* **INFORMATION SUPPLIED**

=== Begin Enclosure ===

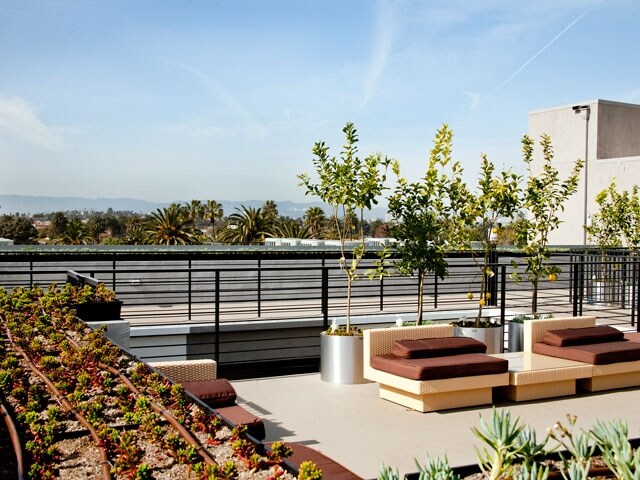 More Photos Of 11900 Courtleigh Dr, Los Angeles Apartments For Sale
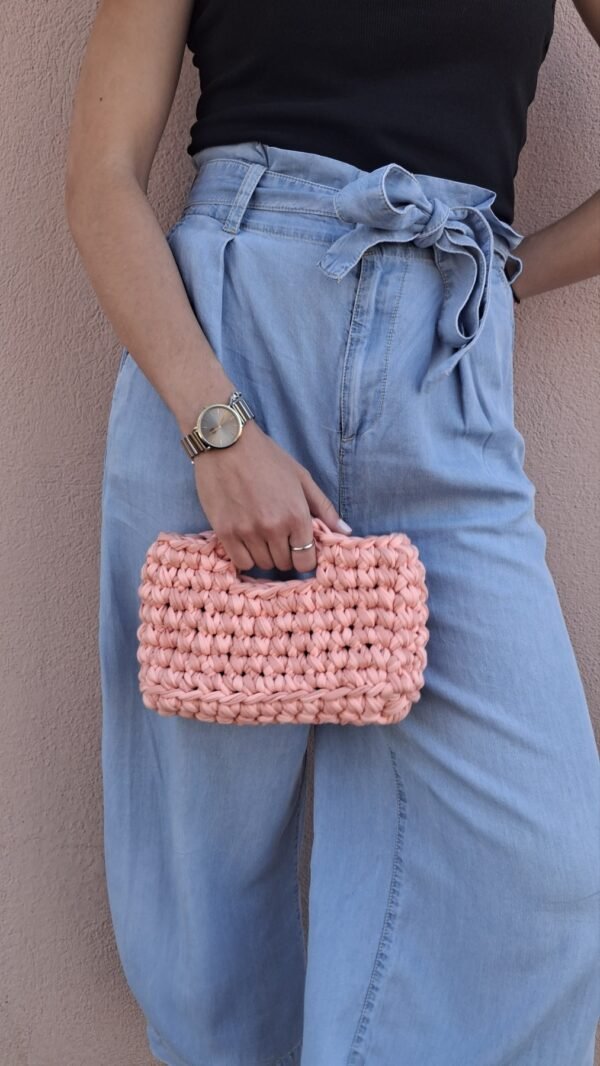 Χειροποίητη mini crochet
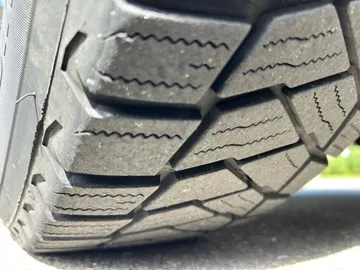 Car image 28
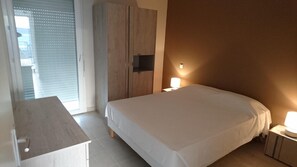 Desk, laptop workspace, free WiFi, bed sheets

=== End Enclosure ===

* **YOUR GOAL**
Every line above goes into your copy exactly; no images go in.

* **REPLY**
 More Photos Of 11900 Courtleigh Dr, Los Angeles Apartments For Sale
 Χειροποίητη mini crochet
 Car image 28
 Desk, laptop workspace, free WiFi, bed sheets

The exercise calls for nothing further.